It started four weeks ago when Sundance rejects Keith Spiegel and Cabot Orton decided to screen their Groupies in Park City guerrilla-style. (The same way Slamdance started four years ago.) The pair invested $10,000 of their own money to rent theater space on Main Street and to secure projection equipment to show their film, along with nine others.
But the big break came on the train trip from Spiegel's Vermont home. "I hate to fly," he says with a laugh. But he met a couple of Sundance volunteers who became unofficial spies.
On the eve of Sundance, the couple called with news that Kurt was being pulled. Spiegel immediately contacted the film's director, Nick Broomfield, and three days later--after Broomfield's negotiations with Slamdance fell through--Slamdunk had its opening-night film and a frenzied crowd out front.
"Daryl Hannah and Sofia Coppola had to shove their way," Spiegel says from Slamdunk HQ, a rented Elks lodge meeting space with folding chairs and a portable screen.

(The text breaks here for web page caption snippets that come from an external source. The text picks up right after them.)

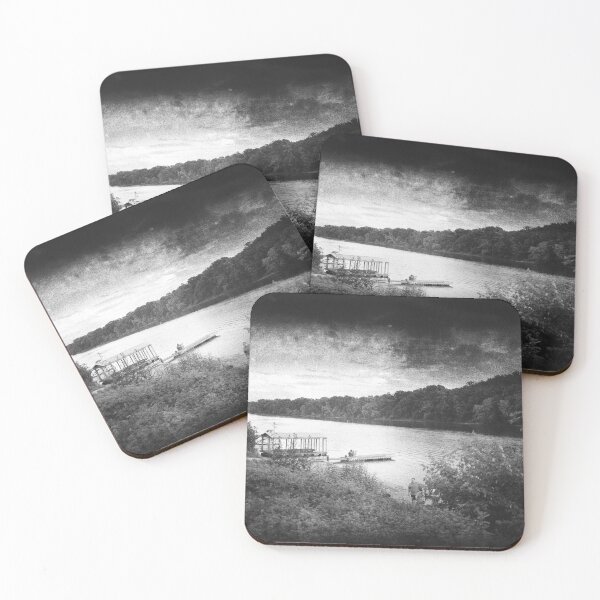 Item preview, Potomac River designed and sold by NattyBoh.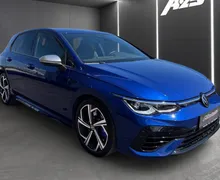 Zunanja slika - Volkswagen Golf - R 4Motion 2.0 TSI DSG IQ Matrix - Harman Kardon... - 2 - Predogledna slika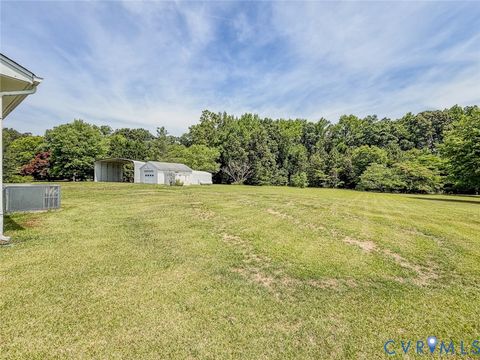 Tiny photo for 16502 Anderson Drive, Church Road, VA 23833 (MLS # 2616275)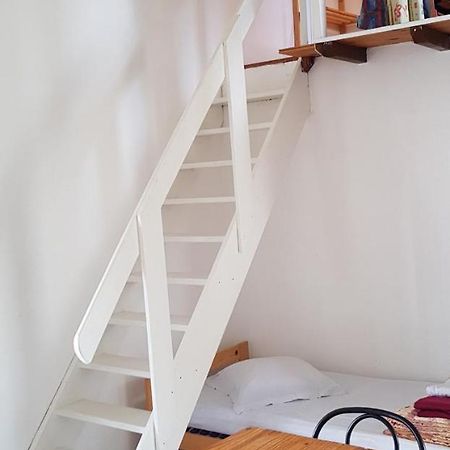 Mas Des Cypres Apartman Saintes-Maries-de-la-Mer Kültér fotó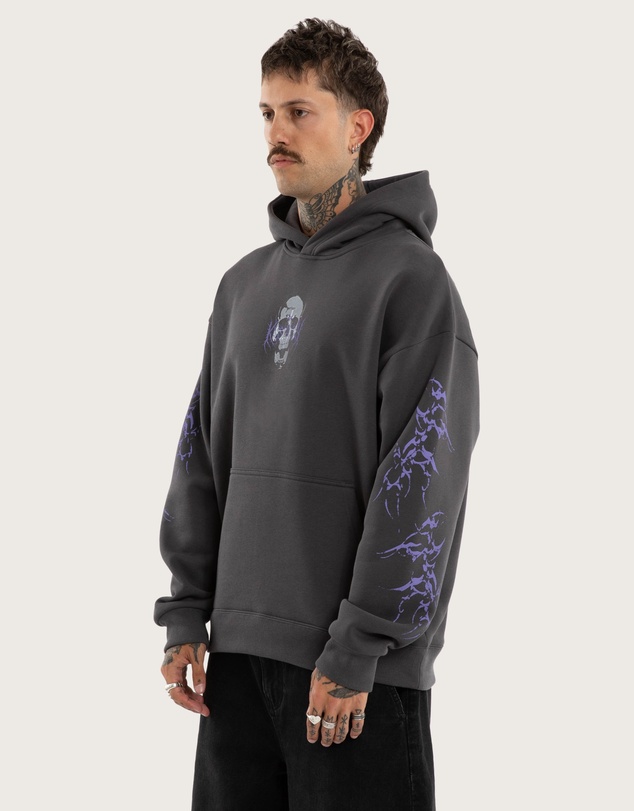 Kiss Chacey - Enter Oversized Hoodie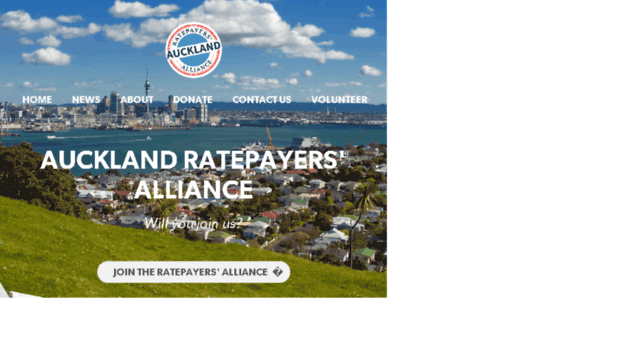 ratepayers.nationbuilder.com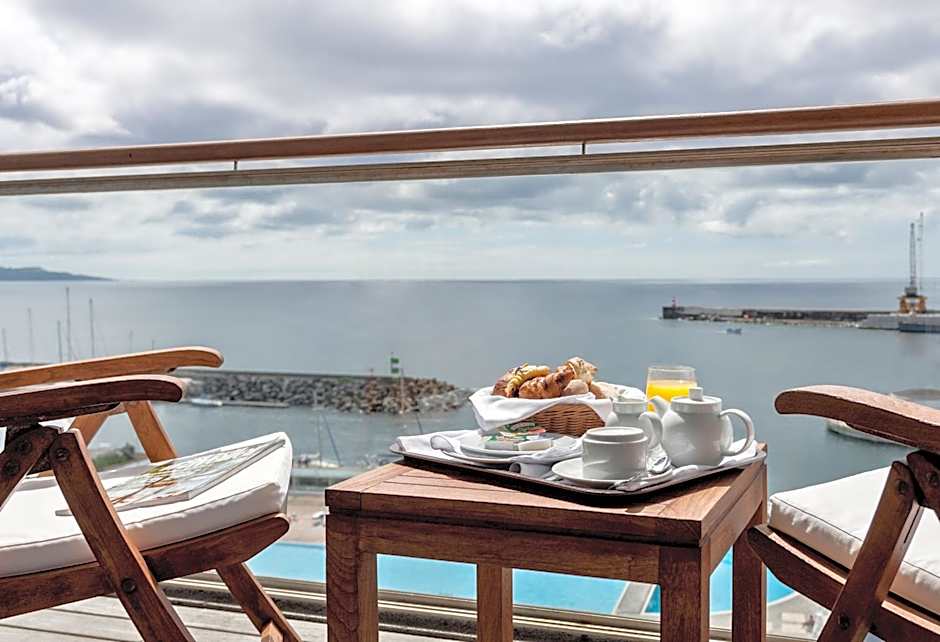 Hotel Marina Atlantico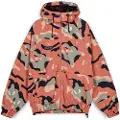 Grimey Ufollow Vintage Sweatshirt Med Lynlås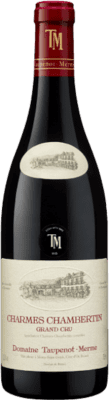 456,95 € Kostenloser Versand | Rotwein Domaine Taupenot-Merme A.O.C. Charmes-Chambertin Burgund Frankreich Pinot Schwarz Flasche 75 cl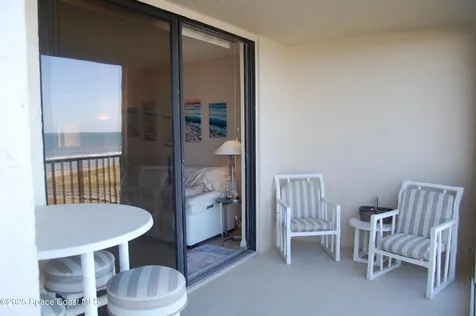 1860 N Atlantic Avenue Cocoa Beach FL 32931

And what of Courtney Love, whose threats of lawsuits scared off Sun and Slam? "She hasn't bugged us," Spiegel says. "I think she kind of found out that there's really nothing inciminating about the film." (Critical buzz is that the docu is noteworthy mainly for its subject matter--the "suicide" of Kurt Cobain.)
By calling on talent already in town for Sundance, Spiegel landed Civil War-maker Ken Burns and director George Hickenlooper (the short, Some Folks Call it a Slingblade) for group discussions. And many of the fest's films have stars: Groupies stars Ally Sheedy, Dogtown has Mary Stuart Masterson and Jon Favreau and Ill Gotten Gains is a slave-revolt story with Djimon Hounsou shot pre-Amistad.
While Sundance has a big closing-night awards show and party tonight, what's Slamdunk got planned? "Maybe a mock awards. We haven't figured it out yet. We'll probably just have a party."
Well, maybe next year. Spiegel says they plan to return to Park City for Slamdunk II next January.